23895 – toponyms

Solving time 5:40

Started quickly and hoped to dip under 5 mins for a while, but didn’t quite make it. Maybe easier for the geographically savvy, with three place names.

Across
1 HORS(D)E,COMBAT = “to struggle”
10 PATAGONIA = (a goat pain)* – mostly a flat plateau, but includes the Andes which ‘craggy’ fits.
11 FOOTPA(d),TH(e)
12 ASCENT = “assent”. On edit: we should record the editorial slip that had “Hilary and Tenzing” in the clue – the well-known beekeeper had two Ls.
13 LONG,HAND
15 M,ILLER
17 RAJ = jar rev.,PUT – someone claiming descent from an old warrior caste – I knew the word, though not exacty what it meant
18 A,U,VER(G)NE
20 COL(LE(ft))T – which is some kind of band round a shaft, it turns out
21 SORRENTO = (resort on)* – a popular tourist destination s. of Naples, so a semi-&lit I think.
24 P.H.,ENOM=(moneyy(y) rev.),ENA
 
Down
1 HA(R.M.,F)UL
2 ROMEO AND JULIET – 2 defs, one about R and J in the ‘radio alphabet’
3 DeRbY,UP = on horseback
4 CAPSTONE = (once past)* & lit. – one of the stones on the top of a wall or building.
5 MO(n)TH
6 AUGUST,IN,E
7 INTELLIGENTSIA = (elistist leaning)* &lit.
8 MAR,TYR = a Norse war god, arguably a day too late as Tuesday is named after him
14 HOUSEBOAT – Ouse in (O,bath)*
16 AUTO,MATA(Hari)
17 RE,CIPE=epic rev.
19 EGO TRIP – ‘got ripe’ with the E moved ‘all up’
23 V(E)IN – ‘claret’ = blood

24 comments on “23895 – toponyms”

  1. A nice straightforward solve for me today.
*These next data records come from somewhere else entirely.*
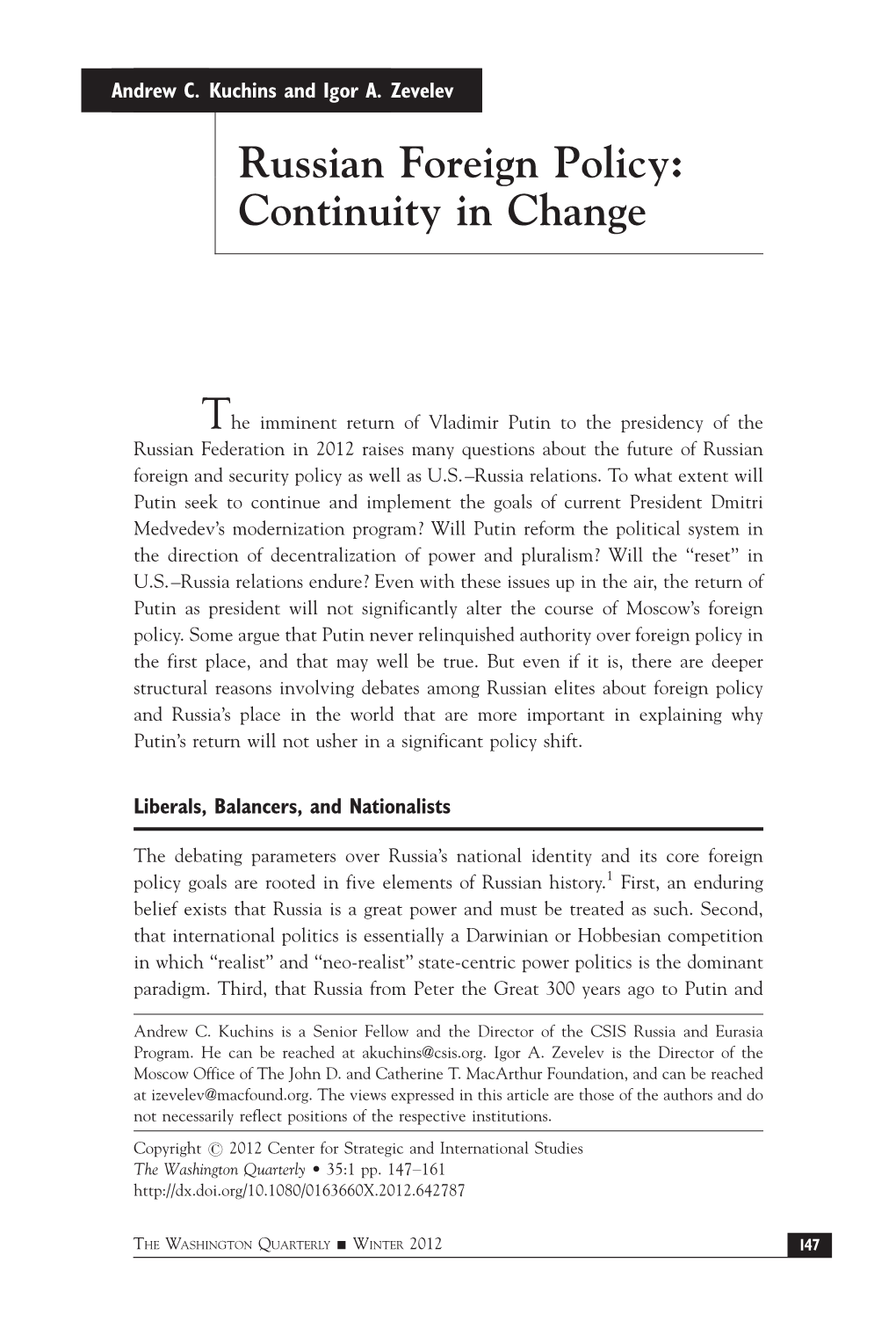 Russian Foreign Policy: Continuity in Change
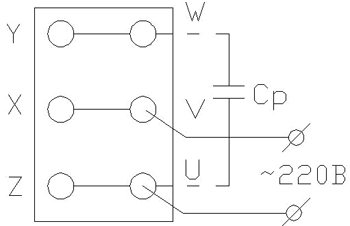 Соединение в выводной коробке ЭД по схеме треугольник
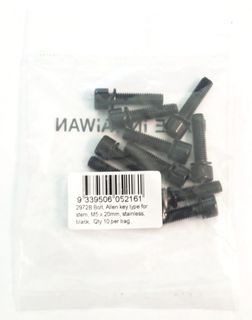 STEM BOLT M5, 20mm, Allen Key Type, BLACK Stainless Steel (Bag 10)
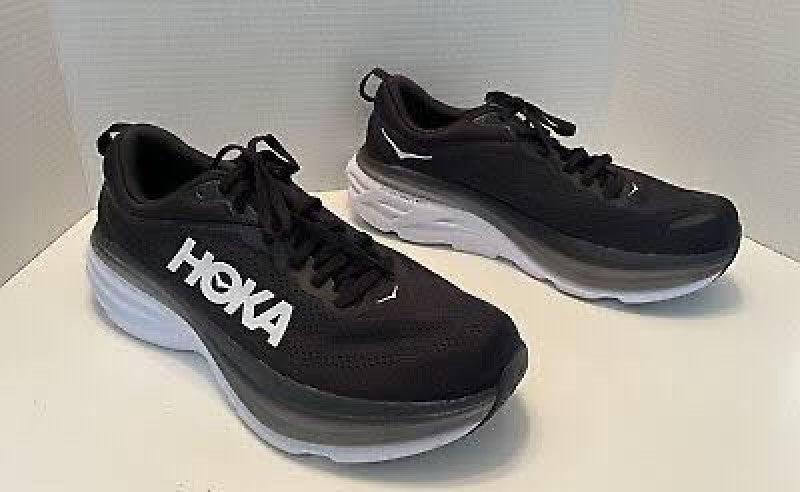 HOKA MENS BONDI 8 WHITEBLACK MESH COMFORTABLE ROBUST RUNNING SHOE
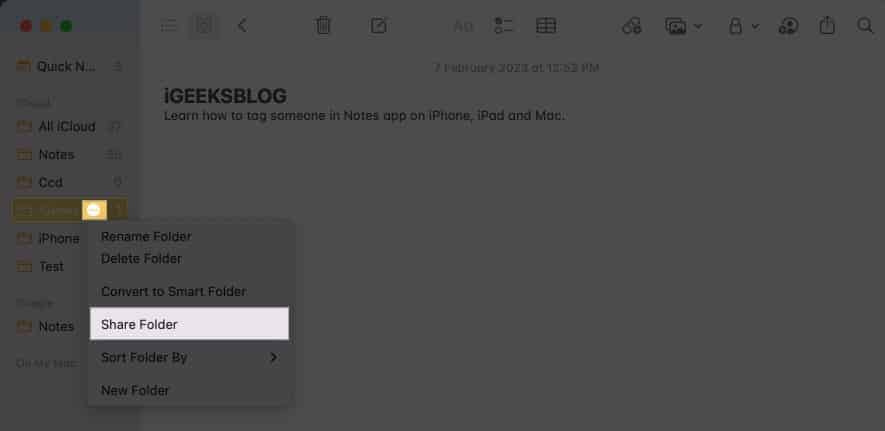 Share desired folder in Notes app on Mac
Didn’t know COLLET but it came easily from the wordplay, and TYR was new to me too. I nominate 23 as my COD. Under 30 minutes for once.
  2. 26A’s just a weakish cryptic definition, I think. I find ‘all up’ in 19D a bit hard to interpret as ‘move to the top’, but solving the clue was straightforward enough. This one took me about 11 mins.

    Tom B.

  3. Apologies but 23874 hasn’t been blogged and apparently isn’t on the site either? Although as I still have no access to the site (since 23/12……)
    Therefore most grateful for clarification of:

    22 d: Water fetcher’s second tumbler (4)
    ?I?? – I think it is Jill (as in the nursery rhyme, Jack and J). Quite proud of getting that, I thought BUT

    27 ac: Watch salesman scoff when fed properly (8)
    ?E?E???R – looks like repeater (=watch) but I can’t use most of the clue. Also, the seventh letter = fourth letter of Jill.

    Many thanks to the kind soul who eases my misery,
    Regards,
    Adrian Cobb, Moscow

    1. Thank you once again.
      The watch clue as written is a faithful copy of the wxord.
      Adrian
      1. Who knows when these posts were made…27A is “jeweller” which is a watch salesman (jeer with “well” inside)

        So Jill is correct. Wow.

  4. Re 27 ac: Watch salesman scoff when fed properly (8)

    Qn 1: Is this how the original clue reads? I wonder whether it’s “Watch salesman’s scoff when fed properly (8)”. The clue as typed above is ungrammatical, I think.

    Qn 2: Though the wordplay is perfect, is the surface reading plausible? I mean, why should someone scoff when fed properly (even if he is not grateful).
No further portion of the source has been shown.